PROVIDED INFORMATION:
-- -- --

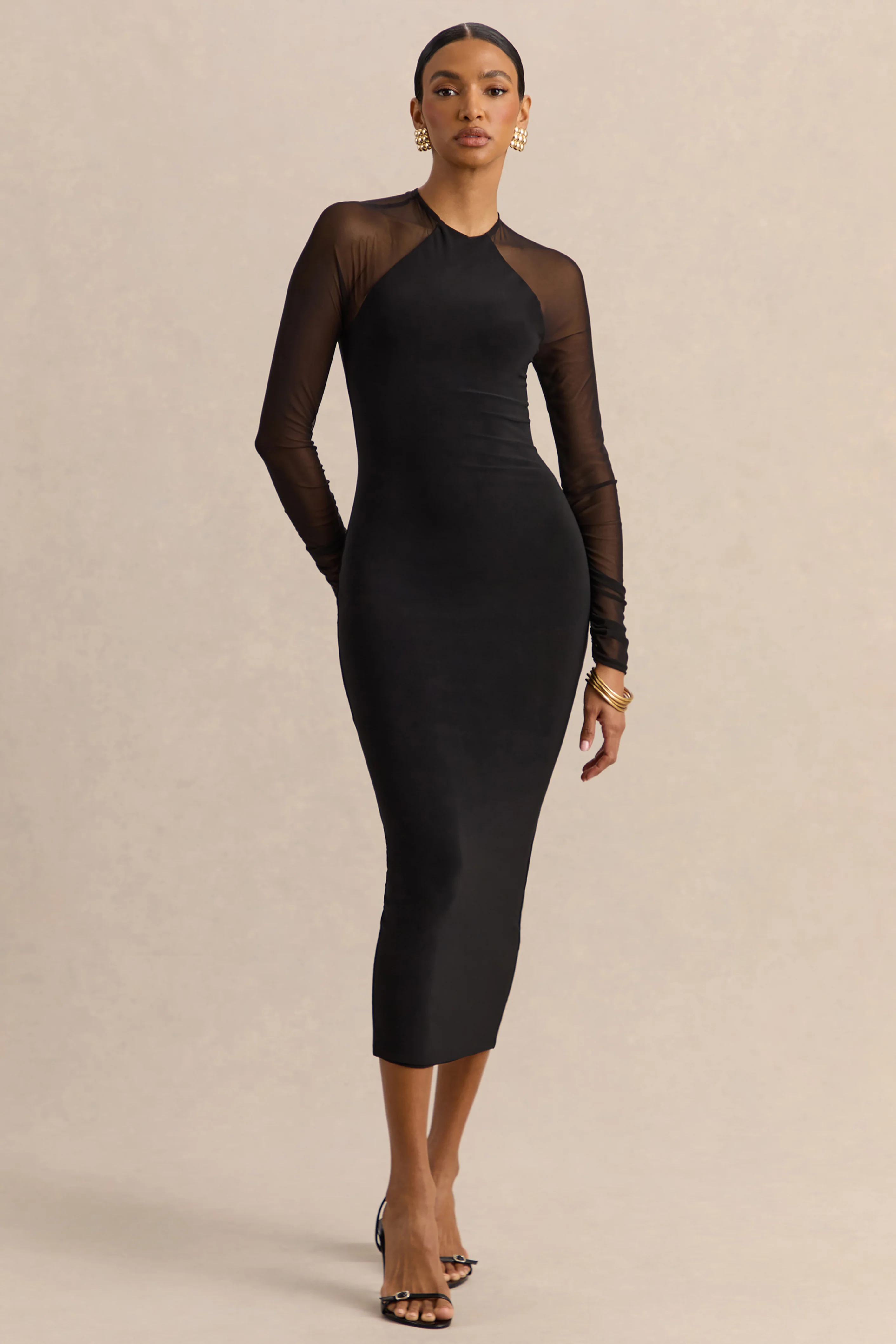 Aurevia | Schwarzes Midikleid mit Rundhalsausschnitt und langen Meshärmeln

-- -- --

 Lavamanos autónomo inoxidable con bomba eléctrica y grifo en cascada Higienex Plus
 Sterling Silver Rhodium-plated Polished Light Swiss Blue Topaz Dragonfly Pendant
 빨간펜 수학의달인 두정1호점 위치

-- -- --

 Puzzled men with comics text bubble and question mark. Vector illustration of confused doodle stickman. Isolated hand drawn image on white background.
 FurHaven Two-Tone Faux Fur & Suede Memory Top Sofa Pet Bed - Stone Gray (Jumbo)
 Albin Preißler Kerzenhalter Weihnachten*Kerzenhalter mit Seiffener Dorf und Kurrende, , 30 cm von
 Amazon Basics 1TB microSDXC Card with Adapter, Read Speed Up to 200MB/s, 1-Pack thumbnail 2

-- -- --

EXERCISE BRIEF: Retype only the stretch of lines above starting at the one with "Puzzled men with" and stopping at the one with "Amazon Basics 1TB", exactly as written, with both kept.

REPLY:
 Puzzled men with comics text bubble and question mark. Vector illustration of confused doodle stickman. Isolated hand drawn image on white background.
 FurHaven Two-Tone Faux Fur & Suede Memory Top Sofa Pet Bed - Stone Gray (Jumbo)
 Albin Preißler Kerzenhalter Weihnachten*Kerzenhalter mit Seiffener Dorf und Kurrende, , 30 cm von
 Amazon Basics 1TB microSDXC Card with Adapter, Read Speed Up to 200MB/s, 1-Pack thumbnail 2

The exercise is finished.